Earlier this year defence minister and former Royal Marine, Al Carns, told a conference at the Royal United Services Institute, a think tank, that the entire British Army could be "expended" within six to 12 months if it fought a war on a similar scale to the Ukraine conflict.
Last summer the head of the army, General Sir Roly Walker, said the Army needed to be ready to fight a war by 2027 – an admission it isn't ready to fight one in its current state. He said the Army needs to leverage technology, such as drones, new software, and artificial intelligence.
But Justin Crump, an Army Reserve Officer who heads the risk and intelligence company Sibylline, argues that boosts to technology won't make up for the lack of military hardware. "We have big gaps and they're not going to get filled overnight," he says.

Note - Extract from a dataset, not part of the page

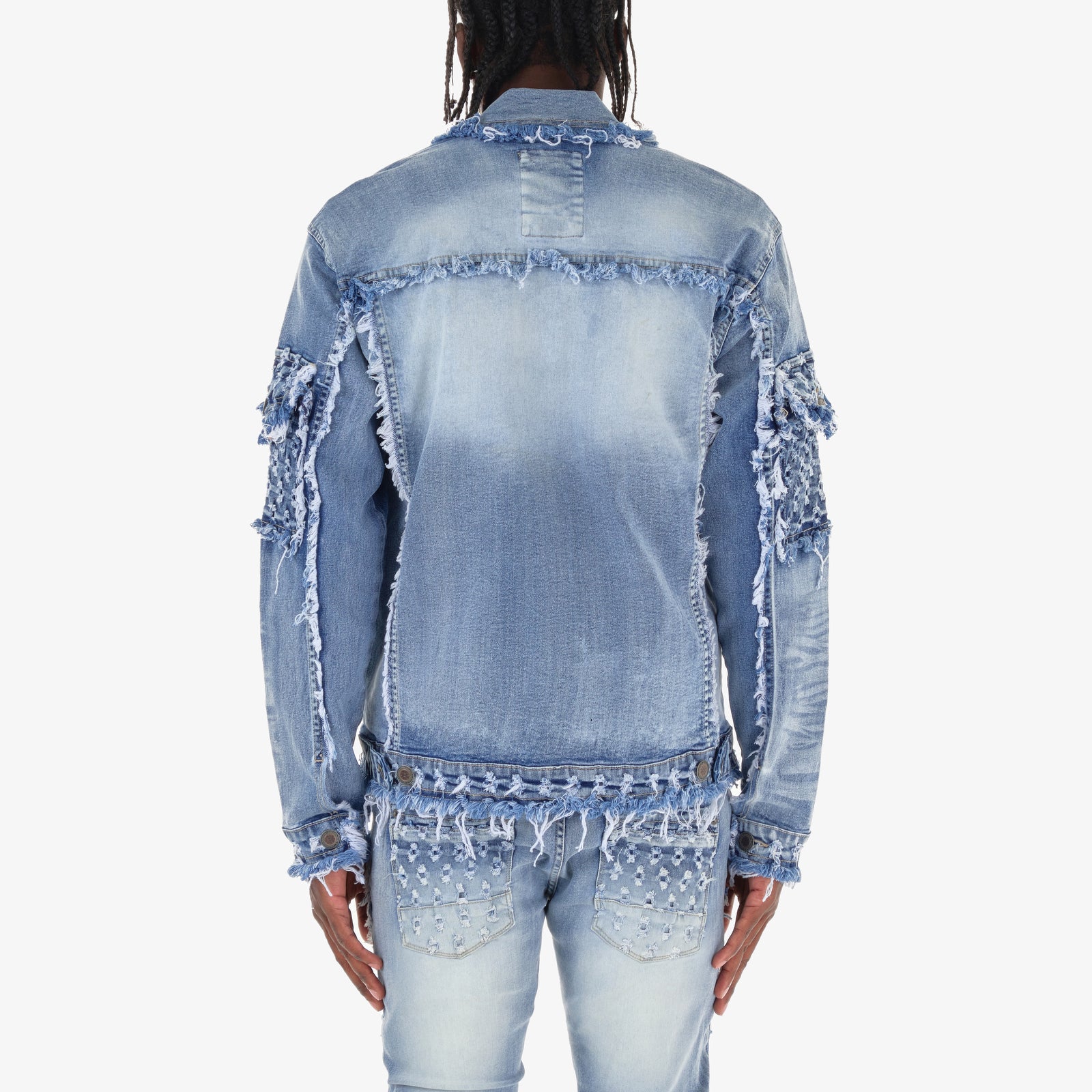 LIGHT SAND BLUE DENIM JACKET W/ DISTRESSED FRAY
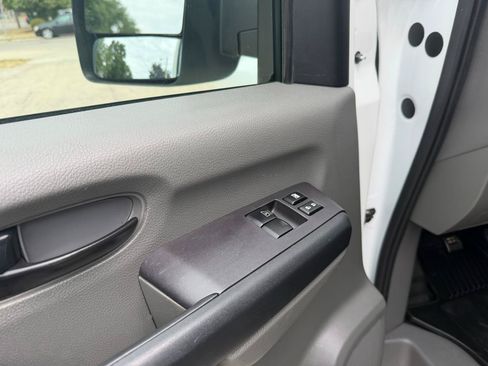 Used 2019 Nissan NV 1500 S RWD image 10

The government is also promising to streamline the bureaucratic process of ordering new kit – trying to learn the painful lessons of past mistakes. By the time they eventually arrive, the delivery of hundreds of new Ajax armoured vehicles will have taken more than a decade.
Weaknesses in its Nato commitments
Speak to any government minister about security, they'll no doubt talk about Nato. It's the cornerstone of the UK's security, the government says, and one that has only become more important since Russia's invasion of Ukraine.
According to its Nato commitments, the UK is supposed to be able to field tens of thousands of troops at short notice to defend any Nato territory – with a war-fighting division made up of tanks, artillery, and heavy armour.
But a former senior General told the BBC that in a real war it would run out of ammunition, spares and supplies within weeks or even days. Nor does Britain have much in terms of ground-based air defences – not enough to protect key military bases in the UK, yet alone its towns and cities.